Datasets come from databases, HDFS, or uploaded files such as CSV files. They are used within workflows, Touchpoints, and sandboxes in order to perform analyses.
A data source refers to an external data provider, either on Hadoop or as a relational database.
Data Source States
This has correct connection information and can be used in Spotfire Data Science.
Indicates that this data source is having trouble connecting properly. Verify connection parameters and try again.
A user has begun to add this data source, but has not completed the connection parameters. Users can save some data sources as incomplete. The data source is not usable until the rest of the data is provided.
This has been disabled by an administrator and cannot be used until it is turned back on. Users may not open workflows or run jobs using this data source.

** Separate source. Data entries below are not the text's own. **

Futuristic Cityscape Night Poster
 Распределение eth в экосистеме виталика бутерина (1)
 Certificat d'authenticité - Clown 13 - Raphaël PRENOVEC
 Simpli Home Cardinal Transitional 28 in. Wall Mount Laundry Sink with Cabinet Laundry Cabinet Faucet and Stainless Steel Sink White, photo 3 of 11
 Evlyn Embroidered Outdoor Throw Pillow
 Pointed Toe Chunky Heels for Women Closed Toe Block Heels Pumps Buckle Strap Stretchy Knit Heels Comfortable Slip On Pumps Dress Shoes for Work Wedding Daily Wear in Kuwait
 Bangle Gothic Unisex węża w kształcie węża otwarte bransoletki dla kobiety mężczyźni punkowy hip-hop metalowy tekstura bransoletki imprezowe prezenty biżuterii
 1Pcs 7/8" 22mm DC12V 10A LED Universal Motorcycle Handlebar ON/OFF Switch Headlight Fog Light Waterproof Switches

On the homepage of Spotfire Data Science after logging in, people can customize their view to create a dashboard of important information. Click the gear icon on the home page to customize widgets.
Design time refers to the actions a person takes before running an operator or workflow. He or she is “designing”/customizing the operator’s parameters. This is an important concept to understand when learning about Custom Operators.
Insights are pieces of information that are deemed important to a particular workspace or a workflow. People can add an insight directly or promote a note or a comment to an insight. One can also attach workflow results, files, datasets and other files uploaded from the desktop to support the importance of the finding.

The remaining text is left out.